Starting point is 00:22:05 And I mean, some of them are like, I'm looking at you, Microsoft. I like you for a lot of reasons, but hey, I have to scroll your status page. I can't link directly to their write-ups. And this is Azure. And please stop. Make it easier.
Starting point is 00:22:21 You're driving me crazy. I don't even have a data model to figure out how to make this work for people other than like taking screenshots of them. So yeah, so there's shades of gray and black and how much they'll share or how easy it is to find these things. So it'll be interesting to see if there's any less than positive reactions to all of this being available in one place. I'm anticipating at least a little bit of that. There is one other type of metadata that we collect for the void, and that is the type of analysis that is conducted if it is clear what that type of analysis is. And some companies explicitly say, or call it an RCA. We did a root cause analysis. There's a few other types. Some people talk about having a contributing factors analysis. Most people don't consider a formal analysis type, but I am trying to collect and categorize
Starting point is 00:23:10 these because I do think there are some fascinating implications buried therein. And I would like to see if I can keep track of whether or not those change over time. And yes, you've hit on one of my favorite hot take soapbox things, which is root cause. Please take it away. Yeah, well, and anyone who's close to these systems and has watched these things fall down has the inherent sense that there is no root cause, right? Like, let's great. One of my favorite ones, human error. We don't have enough hours for this, Corey.

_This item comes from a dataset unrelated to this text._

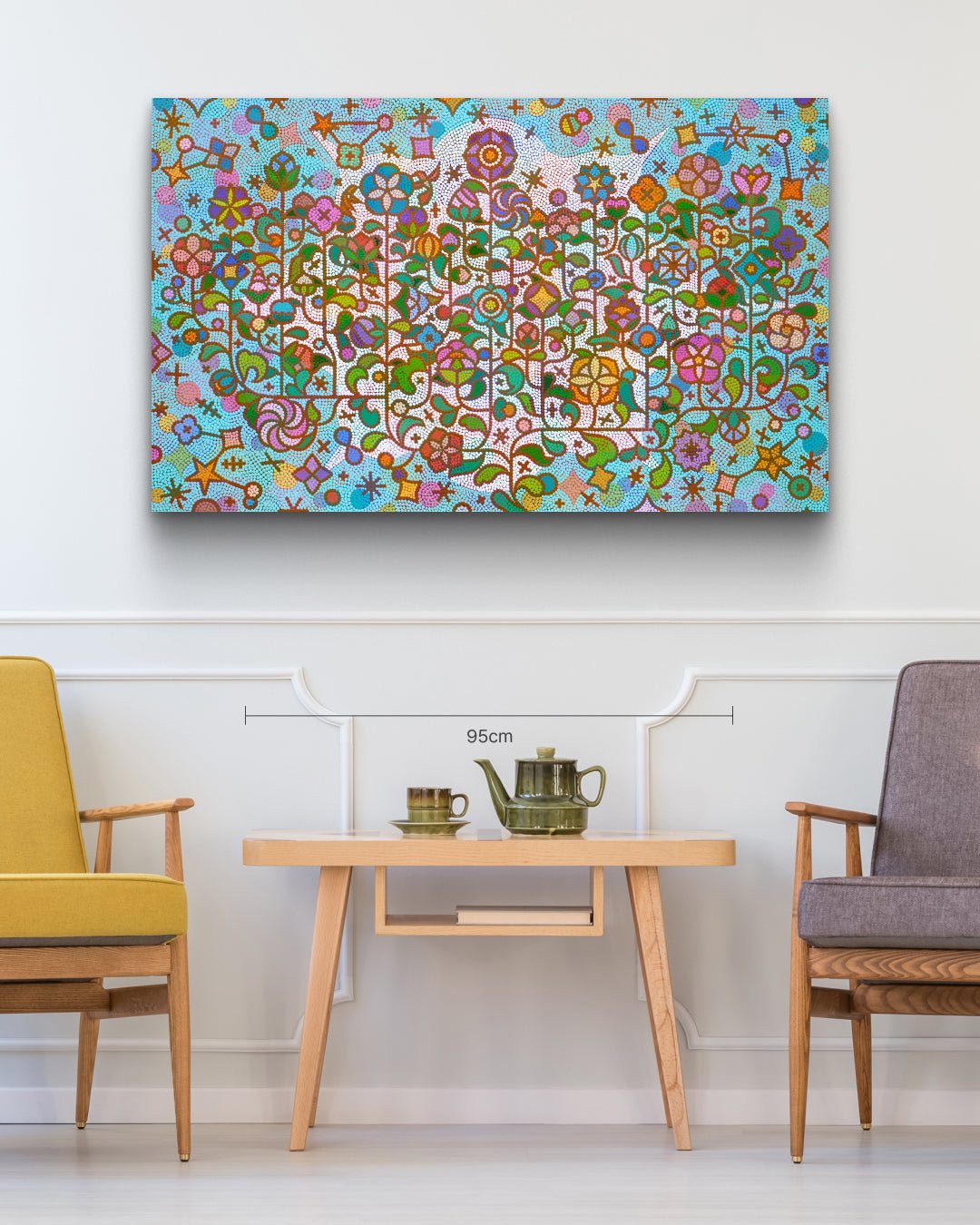 korean art, Humming garden 60 - 2 - DOKHBI ARTWORKS Kim young - jin Painting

Starting point is 00:23:44 I'm sorry. That's one of my favorite other ones. But let's say somebody fat fingers a config change, right? Which happens. That was fundamentally the S3 service disruption back in 2017 that took down S3 for hours on end. And took down so many other people that relied on S3. Everything was tied to that. And that's an interesting question. When something like that hits, does that mean that everything it takes down gets its own entry in void? I hope so. If everybody writes them up, then yes. So if S3 goes down and you go down and you write it up, you put it in the void, then we can see those things, which would be so cool. But let's go
Starting point is 00:24:20 back to the fat fingered config file, which if you haven't ever done, you're lying, first of all. Or you haven't been allowed to touch anything large and breakable yet, which either way, you're lying on some level. So please. Yeah, I mean, I took down Holloway's homepage when it was on Hacker News because I'm a yaml. So anywho, even if you fat-finger a config change, that's not the root cause because you have this system wherein a fat finger configure
Starting point is 00:24:46 change can take down S3. That is a very big, complex, and I might add, socio-technical system. There are decisions that were made long ago about why it was structured that way or why this happens that way or what kinds of checks and balances you have. It's just, get over it, people. There is no root cause. These are complex, highly dynamic systems that when they fail, they fail in unpredictable and weird ways because we've built them that way. They're complex because you're successful at pushing the envelope and your safety boundaries. So if we could get past the root cause thing as an industry, I mean, I could probably just retire happy, honestly.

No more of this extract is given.